So I completely spaced the holiday when it came to thinking about my own mother. Ours was a difficult relationship and my childhood was rarely pleasant, but I still admire her as a woman who worked hard, tried to do her best and commanded respect. There were never any fuzzy moments when I felt truly loved and accepted, but I always had clothes to wear and a roof over my head. I could never go to her with the problems that really mattered or seek shelter in the strength of her arms when I was frightened or needed help, but she made sure there was food on the table even if I had to cook it myself and she sometimes typed my school reports. (I never felt the need to take a typing and that has been a hindrance my entire life, especially since I have spent so much of it writing as a way to cope with things I didn't understand.)

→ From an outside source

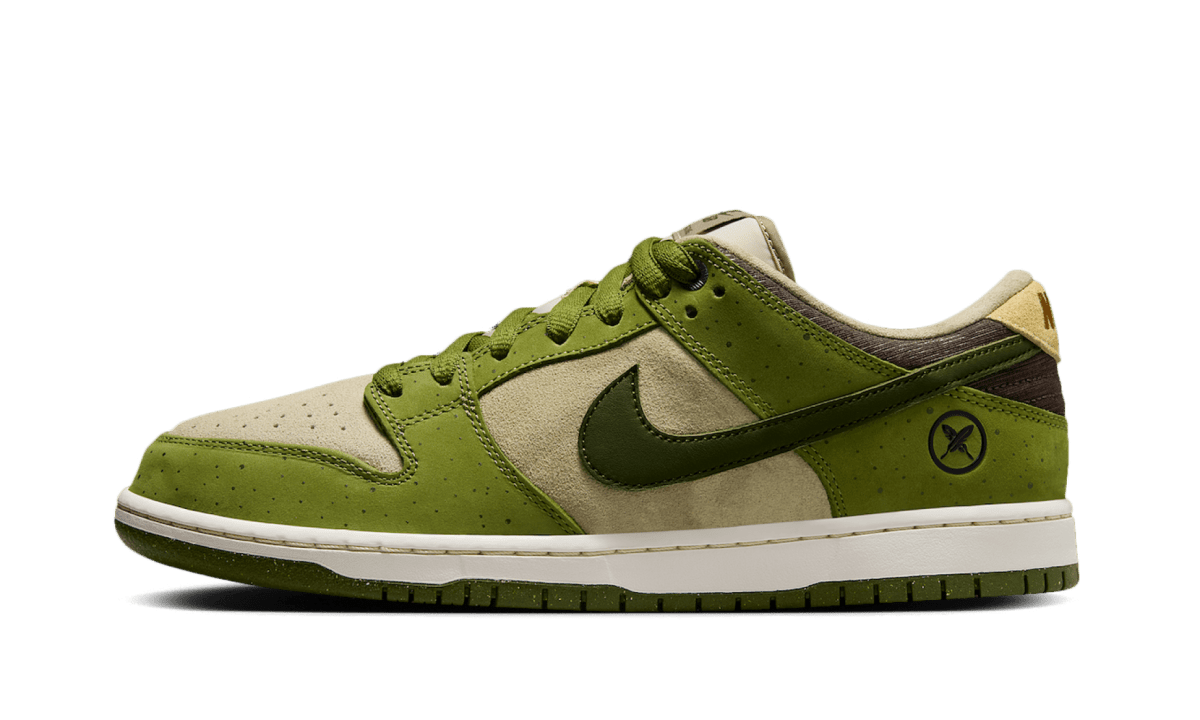 Nike SB Dunk Low Yuto Horigome Matcha - Outsole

From her I learned how to survive, rely on myself and never risk more than I could stand to lose. While those may not seem like endearing characteristics they have suited me. I've been alone most of my life since I never learned how to really connect or trust others. My marriage lasted 22 years but there was never any intimacy, and I was constantly afraid of saying or doing something that would meet with disapproval. I tried to break the chain of abuse that had been a part of my life since I was five by walking away, but it was done too late and in the wrong way. I often feel like I hurt my children more than I helped them, but like my mother, I was just trying to do my best.
That said, writing about families and intimate relationships in the Indecision's Flame series has been very hard for me. I know all about abuse, illness, denial, conflict, abandonment, lack of warmth and threats, but I don't know much about how happy families interact. One of the few things I remember about my parent's interacting was the day my father became angry enough to rip the dress from my mother's shoulders because she kept insisting on wearing something that was worn out when she had better things in her closet. So much for the mind wanting to protect the sanity of an individual!
But I still believe in Mother's Day and honor all of the tremendous women I have known over the years who have overcome great odds, tried to serve others, and have given everything they have for the ones they love. No life is perfect, but it can always be improved on. I hope that my mother, who has been gone for almost 20 years now, will know that I love her and am really trying to understand how difficult her life must have been. I often see her refection when I look in the mirror. Whether we like it or not, we are part of the people who gave us life and will see them again someday. I'm hoping for a glorious reunion.